(Extracted records)
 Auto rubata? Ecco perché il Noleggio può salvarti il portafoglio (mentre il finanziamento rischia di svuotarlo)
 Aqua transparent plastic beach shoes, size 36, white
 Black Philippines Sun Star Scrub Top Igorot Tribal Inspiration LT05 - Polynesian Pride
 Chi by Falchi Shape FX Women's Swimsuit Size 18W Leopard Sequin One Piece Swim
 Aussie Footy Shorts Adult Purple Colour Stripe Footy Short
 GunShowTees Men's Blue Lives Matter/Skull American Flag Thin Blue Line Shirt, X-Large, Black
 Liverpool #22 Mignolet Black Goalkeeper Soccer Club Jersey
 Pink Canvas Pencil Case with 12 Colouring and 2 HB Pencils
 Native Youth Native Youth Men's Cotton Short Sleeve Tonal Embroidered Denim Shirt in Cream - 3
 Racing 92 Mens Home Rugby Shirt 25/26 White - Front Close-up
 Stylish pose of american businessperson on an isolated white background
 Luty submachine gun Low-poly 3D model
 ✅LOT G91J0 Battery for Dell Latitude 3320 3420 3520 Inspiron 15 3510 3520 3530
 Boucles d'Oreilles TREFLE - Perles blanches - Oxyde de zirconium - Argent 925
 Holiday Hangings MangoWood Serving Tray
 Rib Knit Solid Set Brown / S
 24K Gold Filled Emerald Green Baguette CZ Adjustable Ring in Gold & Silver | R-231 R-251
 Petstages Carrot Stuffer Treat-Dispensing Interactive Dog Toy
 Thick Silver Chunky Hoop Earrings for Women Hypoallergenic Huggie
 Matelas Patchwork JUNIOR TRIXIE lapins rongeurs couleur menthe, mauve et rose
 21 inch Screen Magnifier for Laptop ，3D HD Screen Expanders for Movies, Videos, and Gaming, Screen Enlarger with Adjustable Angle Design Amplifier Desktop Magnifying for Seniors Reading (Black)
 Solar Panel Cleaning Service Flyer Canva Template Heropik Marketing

### Work task
Copy out each record, keeping every word as it is.

### Task output
 Auto rubata? Ecco perché il Noleggio può salvarti il portafoglio (mentre il finanziamento rischia di svuotarlo)
 Aqua transparent plastic beach shoes, size 36, white
 Black Philippines Sun Star Scrub Top Igorot Tribal Inspiration LT05 - Polynesian Pride
 Chi by Falchi Shape FX Women's Swimsuit Size 18W Leopard Sequin One Piece Swim
 Aussie Footy Shorts Adult Purple Colour Stripe Footy Short
 GunShowTees Men's Blue Lives Matter/Skull American Flag Thin Blue Line Shirt, X-Large, Black
 Liverpool #22 Mignolet Black Goalkeeper Soccer Club Jersey
 Pink Canvas Pencil Case with 12 Colouring and 2 HB Pencils
 Native Youth Native Youth Men's Cotton Short Sleeve Tonal Embroidered Denim Shirt in Cream - 3
 Racing 92 Mens Home Rugby Shirt 25/26 White - Front Close-up
 Stylish pose of american businessperson on an isolated white background
 Luty submachine gun Low-poly 3D model
 ✅LOT G91J0 Battery for Dell Latitude 3320 3420 3520 Inspiron 15 3510 3520 3530
 Boucles d'Oreilles TREFLE - Perles blanches - Oxyde de zirconium - Argent 925
 Holiday Hangings MangoWood Serving Tray
 Rib Knit Solid Set Brown / S
 24K Gold Filled Emerald Green Baguette CZ Adjustable Ring in Gold & Silver | R-231 R-251
 Petstages Carrot Stuffer Treat-Dispensing Interactive Dog Toy
 Thick Silver Chunky Hoop Earrings for Women Hypoallergenic Huggie
 Matelas Patchwork JUNIOR TRIXIE lapins rongeurs couleur menthe, mauve et rose
 21 inch Screen Magnifier for Laptop ，3D HD Screen Expanders for Movies, Videos, and Gaming, Screen Enlarger with Adjustable Angle Design Amplifier Desktop Magnifying for Seniors Reading (Black)
 Solar Panel Cleaning Service Flyer Canva Template Heropik Marketing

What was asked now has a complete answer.